Ben bu köklü kurumda okurken, baba hocaların erkek tavırlarını ve bu kapsamda kadınlara yapılan ayrımcılığı elbette görüyordum. Ancak bunlar devede kulaktı. Başka ülkelerde, ülkenin başka yerlerinde, başka okullarda, başka ailelerde, kadınlara yapılan ağır ayrımcılığın yanında bunlardan söz etmek, en azından o biçare kadınlara haksızlıktı. Sonuçta 1970’ler Türkiye’sinde bir kadın olarak tıp fakültesi öğrencisiydim, az şey mi? Cinsiyetim nedeniyle önümün kesildiği falan yoktu. Ben neden feminist olacaktım ki?

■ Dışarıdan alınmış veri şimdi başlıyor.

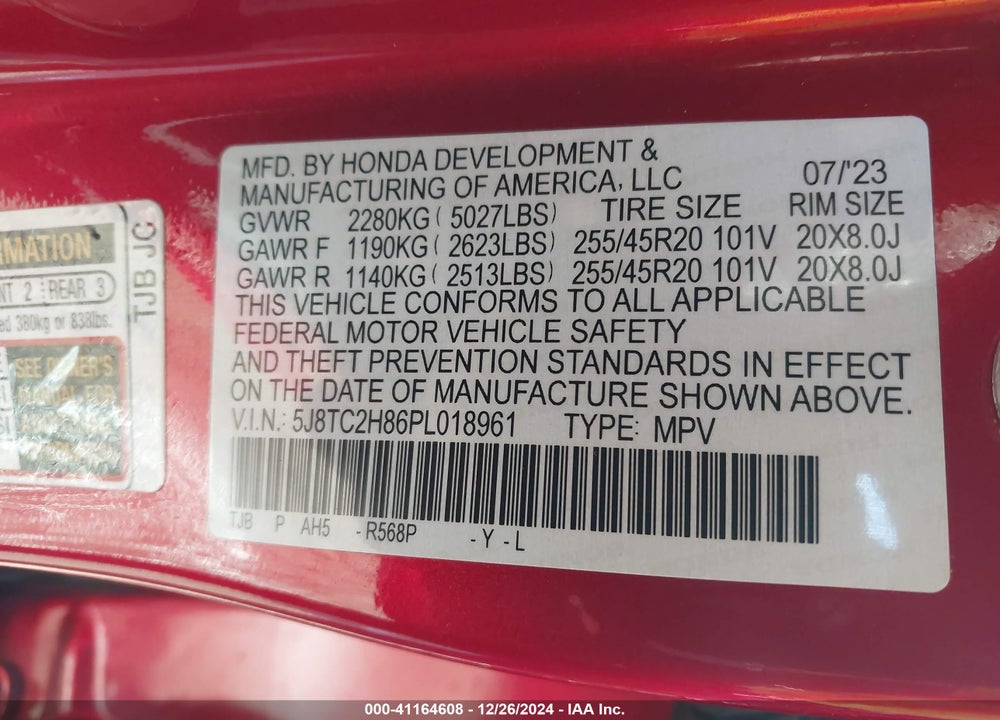 2023 ACURA RDX VIN: 5J8TC2H86PL018961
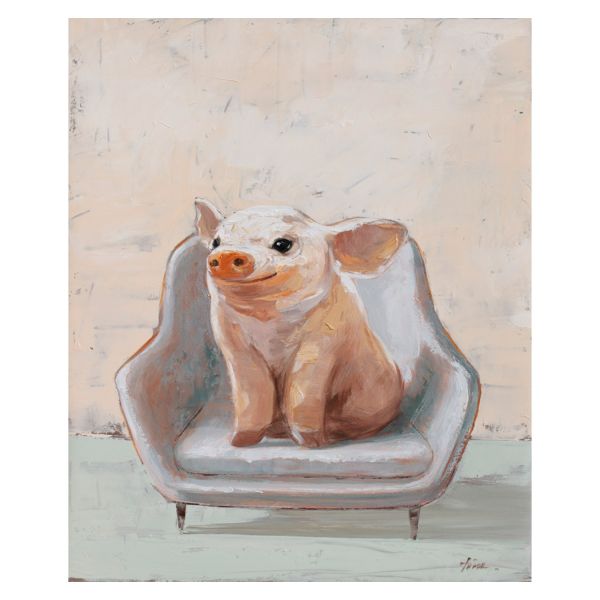 Oil painting 60x80cm, piggy in the chair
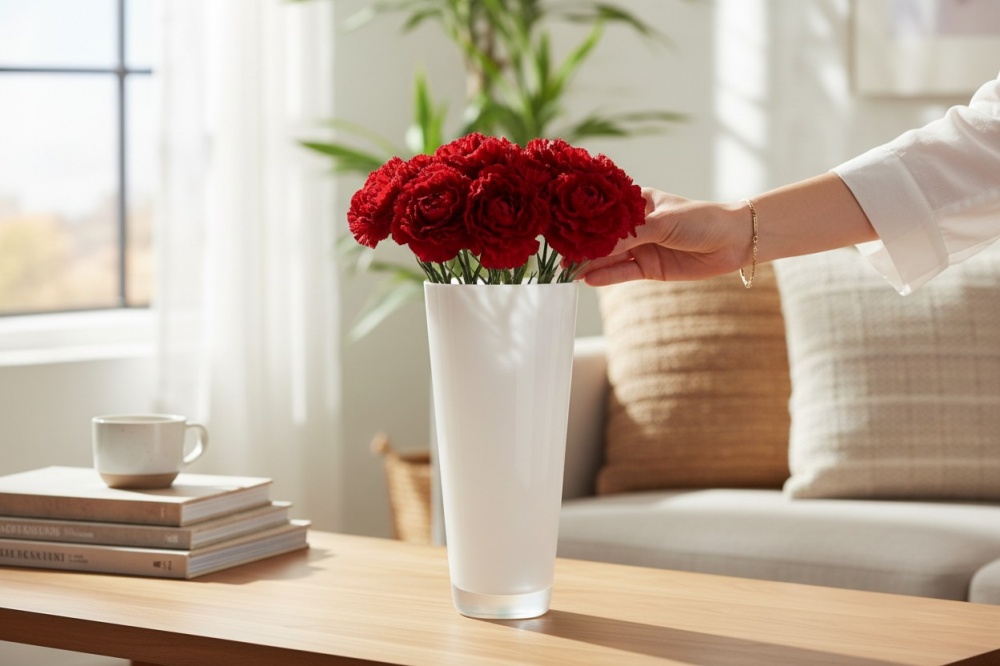 Ваза скляна Wrzesniak Glassworks Sofi 38 см біла 17-8816A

Benim babam bir gün bana, ya okursun, ya da bir erkeğin hizmetçisi olursun, demişti. Bu lafı ben kaç yaşındayken söylemişti, bilmiyorum. Bu lafın gerçek anlamını ne zaman kavradım, bilmiyorum. Bildiğim, bu lafın yaşamıma yön vermiş olduğudur. Kadınların büyük kısmının tersine, ben özgür doğdum, özgür büyütüldüm, özgür yaşadım. Bir insana sırf cinsiyeti yüzünden konan kısıtlamalara hiç mi uğramadım, elbette uğradım. Başkalarına yapılan çok daha ağır uygulamalara hiç mi tanık olmadım, elbette oldum. Görgüm iyi de bu konuda bilgim mi yok, o da var. Ama yetmedi. Feminist olmama yetmedi. Çünkü insan aslında bizzat yaşadıklarıyla öğreniyor. O yüzden de en çok acı çekenler, en çok direnenler oluyor…

Bugün,”dünyayı değiştiren kadınlar” diye bir kitap okudum. Feminist bilincim olmadığından, bu kitabın adı bana itici geleceği için, aslında ilgi alanımın dışında kalırdı, eğer bana hediye edilmemiş olsaydı. Ancak huylarımdan biridir, elime aldığım herhangi bir kitabın ilk 30 sayfasını mutlaka okurum. Beğenirsem devam eder, beğenmezsem vazgeçerim. Bu alışkanlığım nedeniyle okudum; iyi ki okumuşum. Bu kitapta 25 kadının yaşam öyküsü var. Bazılarının adını ezbere bildiğimiz, bazılarını erkek sandığımız, bazılarını ise hiç duymadığımız batılı kadınlar bunlar. Bu yaşam öyküleri sayesinde, kadının sadece kadın olduğu için çektiklerini ve kurtuluş mücadelesini, benim sahip olduğum özgürlüğün geçmişten bugüne uzanan taşlarını kimlerin döşediğini daha iyi anladım. Bu öyküler sayesinde sadece kadınların hak mücadelesini değil, batı dünyasının 18. Yüzyıldan bugüne gelen gerçek tarihini izledim. Batı uygarlığı dediğimizin, kültürünü, inancını yani yaşamını, 25 ayrı noktadan gördüm.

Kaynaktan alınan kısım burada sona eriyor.